— Recorded data —
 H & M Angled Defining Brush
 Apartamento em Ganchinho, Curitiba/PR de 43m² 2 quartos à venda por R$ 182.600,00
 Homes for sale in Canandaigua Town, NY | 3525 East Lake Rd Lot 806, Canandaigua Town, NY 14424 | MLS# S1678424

— Task item —
Return an exact copy of the listing above, complete in every line.

— Result of this task —
 H & M Angled Defining Brush
 Apartamento em Ganchinho, Curitiba/PR de 43m² 2 quartos à venda por R$ 182.600,00
 Homes for sale in Canandaigua Town, NY | 3525 East Lake Rd Lot 806, Canandaigua Town, NY 14424 | MLS# S1678424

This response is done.